**** Supplied material
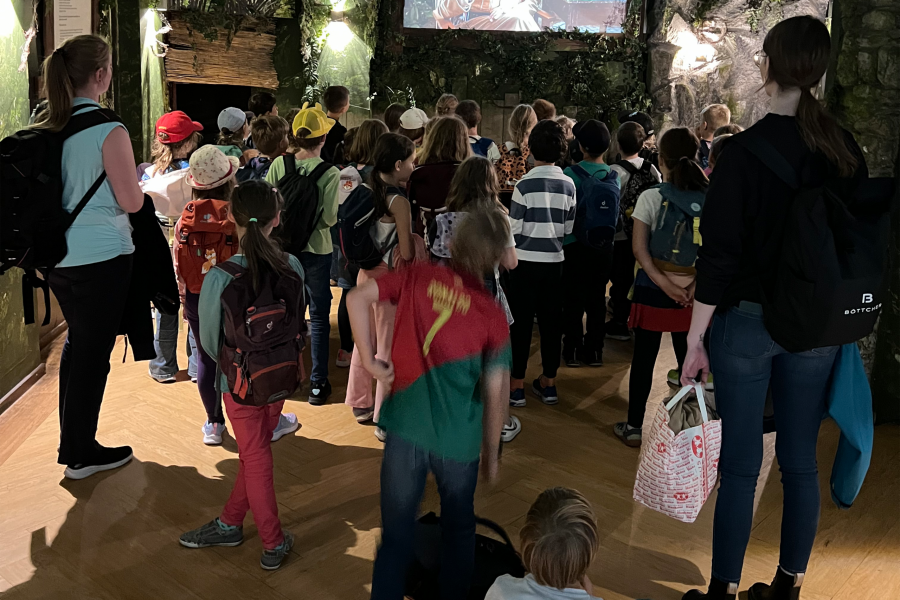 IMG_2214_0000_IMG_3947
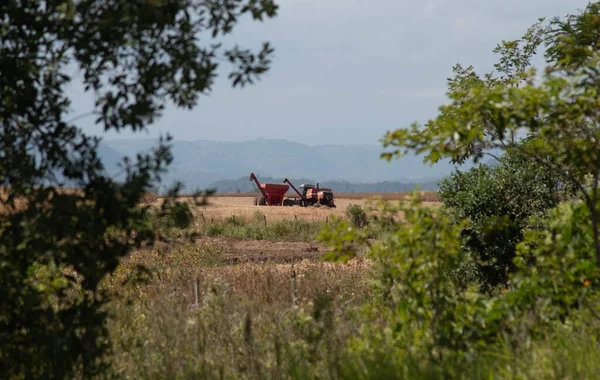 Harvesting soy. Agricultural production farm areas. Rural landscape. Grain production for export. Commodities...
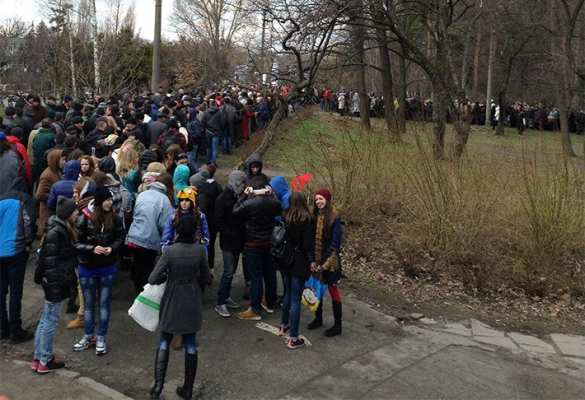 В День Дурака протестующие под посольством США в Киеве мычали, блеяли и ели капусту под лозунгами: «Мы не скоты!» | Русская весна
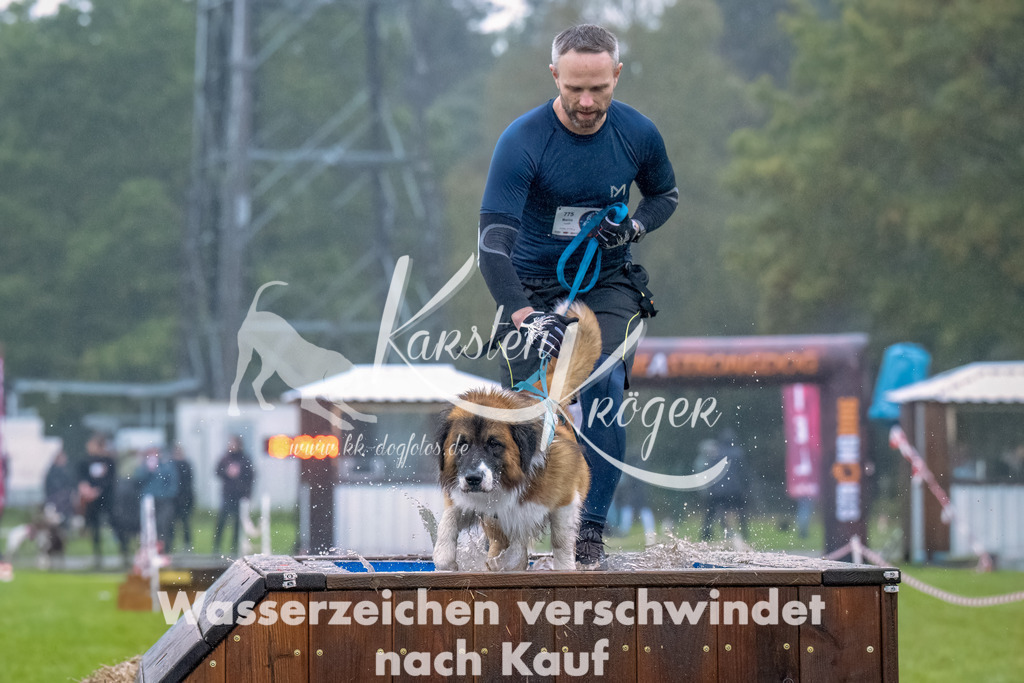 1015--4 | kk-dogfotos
********
Task to carry out: Write the listing out exactly, word for word, but omit the pictures.

Problem solution:
 IMG_2214_0000_IMG_3947
 Harvesting soy. Agricultural production farm areas. Rural landscape. Grain production for export. Commodities...
 В День Дурака протестующие под посольством США в Киеве мычали, блеяли и ели капусту под лозунгами: «Мы не скоты!» | Русская весна
 1015--4 | kk-dogfotos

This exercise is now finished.